It was raining hard when I got to the white cliffs leading up to Eagle Creek. The raindrops were bouncing off the water, and the air was suddenly filled with a very strong, but pleasant herbal smell. I remembered it faintly, but could not quite place it. So I closed my eyes, took a big whiff, and there it was: Nancy’s sage pot roast.

I loved that warm thought, while breathing in that wet sage aroma through my nose - a real olfactory treat. I snapped a few wet pictures, but the rumble of thunder made me hasten to my take-out at Eagle Creek. I found a great place under a huge cottonwood tree, got my tent up and gear in before the real downpour started. What a sight, as the rain came around the bend of the river towards me.

Eagle Creek
Spectacular Eagle Creek

As I knew from my reading, Eagle Creek was a must-stop. And when the sun came out again, I realized this was the most impressive, spectacular campsite of the trip so far, no, ever. In retrospect, this spot was the essence of my trip - it had everything. It had history, scenery, geological splendor and riddles. No wonder L&C camped here May 31, 1805, as did the German scientist and explorer Alexander Philip Maximilian, Prince of Wied-Neuwied, with his young renowned Swiss painter Karl Bodmer in 1833 on their way to Fort McKenzie as guests of the American Fur Company.

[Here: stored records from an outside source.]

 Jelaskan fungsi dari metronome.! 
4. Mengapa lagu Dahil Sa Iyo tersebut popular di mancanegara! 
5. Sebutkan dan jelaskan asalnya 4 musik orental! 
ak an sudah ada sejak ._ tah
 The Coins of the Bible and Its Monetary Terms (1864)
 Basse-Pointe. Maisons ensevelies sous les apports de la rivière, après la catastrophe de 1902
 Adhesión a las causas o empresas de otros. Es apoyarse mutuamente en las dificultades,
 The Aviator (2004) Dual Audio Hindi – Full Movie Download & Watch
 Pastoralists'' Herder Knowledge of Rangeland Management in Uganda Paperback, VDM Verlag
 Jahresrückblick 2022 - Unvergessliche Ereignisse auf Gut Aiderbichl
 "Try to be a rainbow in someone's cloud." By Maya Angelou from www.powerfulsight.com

Theirs was the first pure research trip up this fabled river, even before John James Audubon (1842). It was their account and countless sketches and watercolors of the people and the scenery “which gave the outside world its first glance” of this area, the guidebooks point out (Glenn Monahan, p. 55).

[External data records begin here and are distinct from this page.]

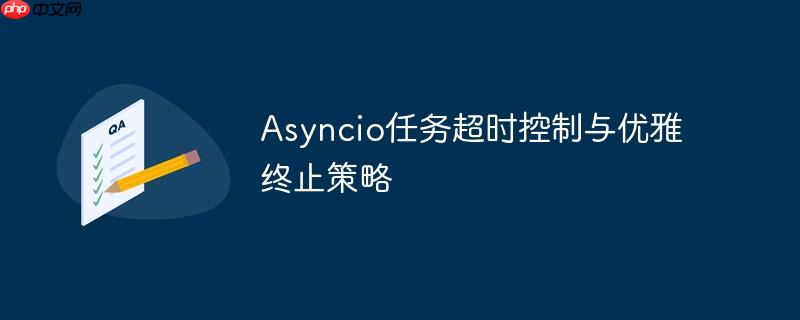 asyncio任务超时控制与优雅终止策略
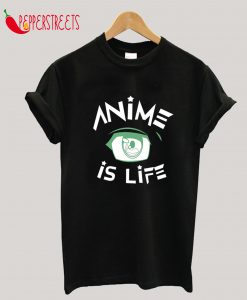 Anime is Life T-Shirt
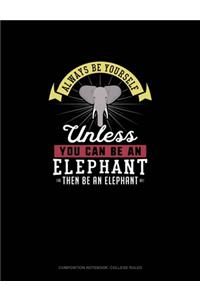 Always Be Yourself Unless You Can Be An Elephant Then Be An Elephant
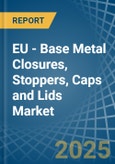 EU - Base Metal Closures, Stoppers, Caps and Lids - Market Analysis, Forecast, Size, Trends and Insights- Product Image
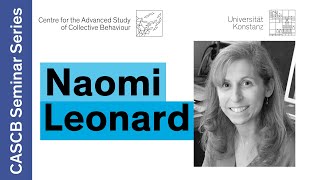 Naomi Leonard - Resilience and Dynamics of Spreading Processes | Collective Behaviour Seminar Series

I loved looking at Bodmer’s famous picture “White Cliffs” and comparing it with the real picture out my tent door. It had not changed much; only the bighorn sheep were gone, at least in this area. But there were the same steep white cliffs interjected with a black igneous intrusion, LaBarge Rock, and the castle-like white chunks with towers and turrets capped with larger wheel-like darker/harder rock.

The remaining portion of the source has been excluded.